中でも多いのが、100万円台13.4%、200万円台13.7%、300万円台13.2%、400万円台10.4%で、100万円以下の6.2%を含めると合計が56.9%となります。これは、半分以上の人たちが世帯年収500万円以下ということがわかります。これは、「中央値」という指数にあらわれます。

■「中央値」が428万円

中央値は「所得を低いものから高いものへと順に並べて2等分する境界値」を指します。この数値は、428万円です。平均世帯年収545.8万円と差が出るのは、高収入の人が多くて平均年収額が上に引っ張られた結果です。調査では、2000万円以上が1.3%とありますが、何億円以上も当然含まれています。

各世帯の年収状況

世帯年収の額は世帯によって変わってきますが、それを具体的に2つの特徴的な世帯で見ていきます。

「子育て世代」の世帯年収

子育て世代は、調査では「児童のいる世帯」と「母子世帯」の2つに区分されています。児童のいる世帯の世帯年収は707.8万円です。さきほどの平均や中央値より圧倒的に高い数値ですが、共働き、その他の方法で、これぐらいの世帯年収がないとやっていけないというのが見えてきます。

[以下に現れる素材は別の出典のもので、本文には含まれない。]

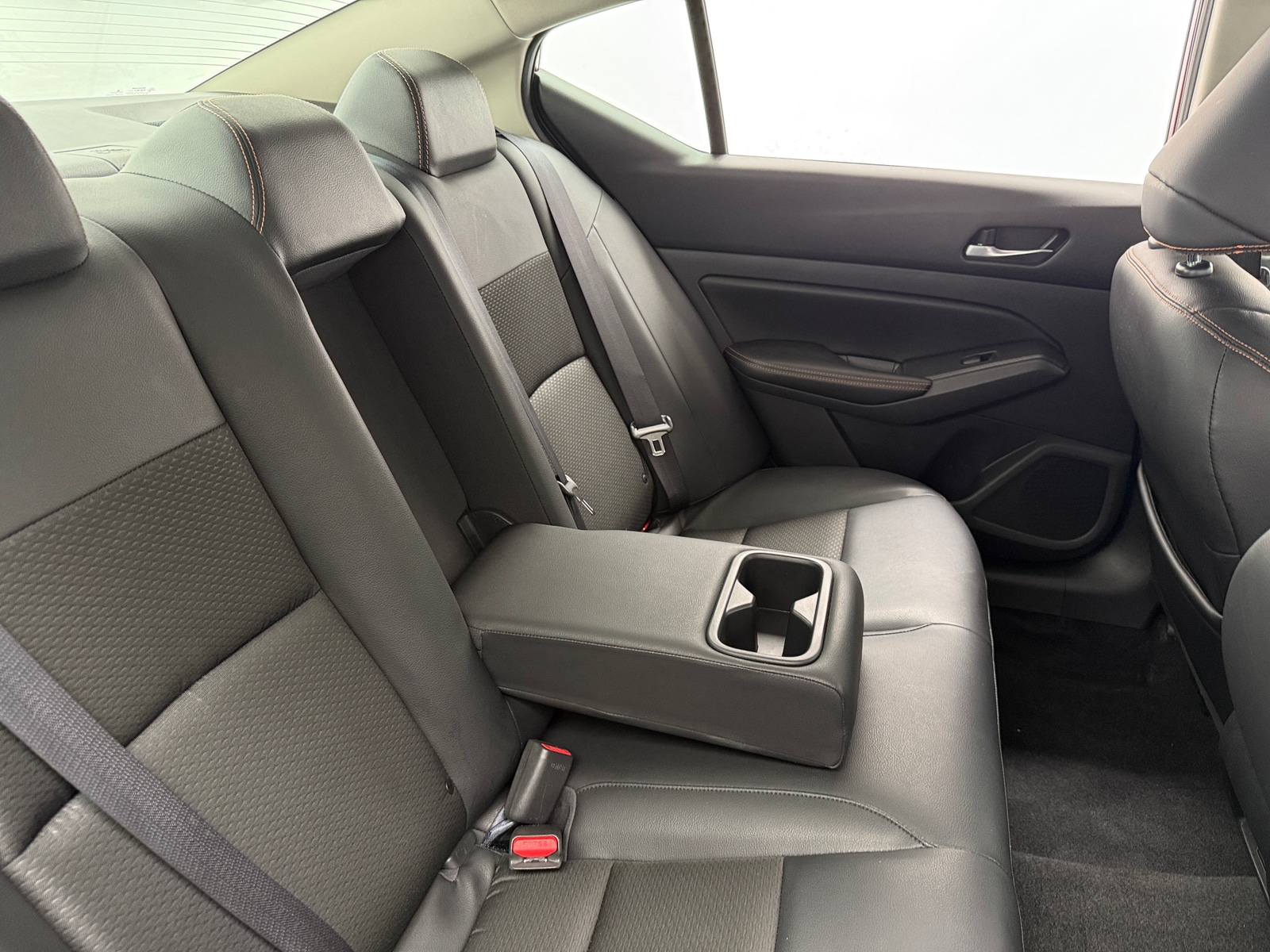 Thumbnail: 2019 Nissan Altima - 6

また、「母子世帯」は文字通り、収入源が限られるため270.3万円という厳しい結果になっています。

「高齢者世代」の世帯年収

高齢者世代とは、65歳以上の人のみ、もしくはここに18歳未満の未婚の人を加えた世帯のことです。(世帯主が65歳の世帯とは意味が異なります。)全世帯年収の平均額がそれほど上下しない中で、高齢者世帯の年収は27年度は、前年比が+3.7%と増え、308.4万円となっています。

年収額自体は平均年収の半分程度ですが、65歳以降の人口増と現役で働き続ける人が増えている結果といえます。

まとめ

・世帯年収は「同一世帯で生計をたてる家族の年間合計収入のこと」です。

・厚生労働省の平成28年度「国民生活基礎調査」の「各種世帯の所得等の状況所得」によれば、平成27年の全世帯年収の平均は、545.8万円です。

・年収額別の分布では、年収500万円以下が56.9%に達することがわかります。これは、中央値が、428万円ということからもわかります。

・世帯別の特徴として、「子育て世代」は707.8万円ですが共働きするなど、これぐらいの収入確保がないとやっていけない現実を示しています。

・高齢者世代は308.4万円と平均より大きく下回りますが、伸び率は3.7%増え、働くシニア世代の増加を反映しています。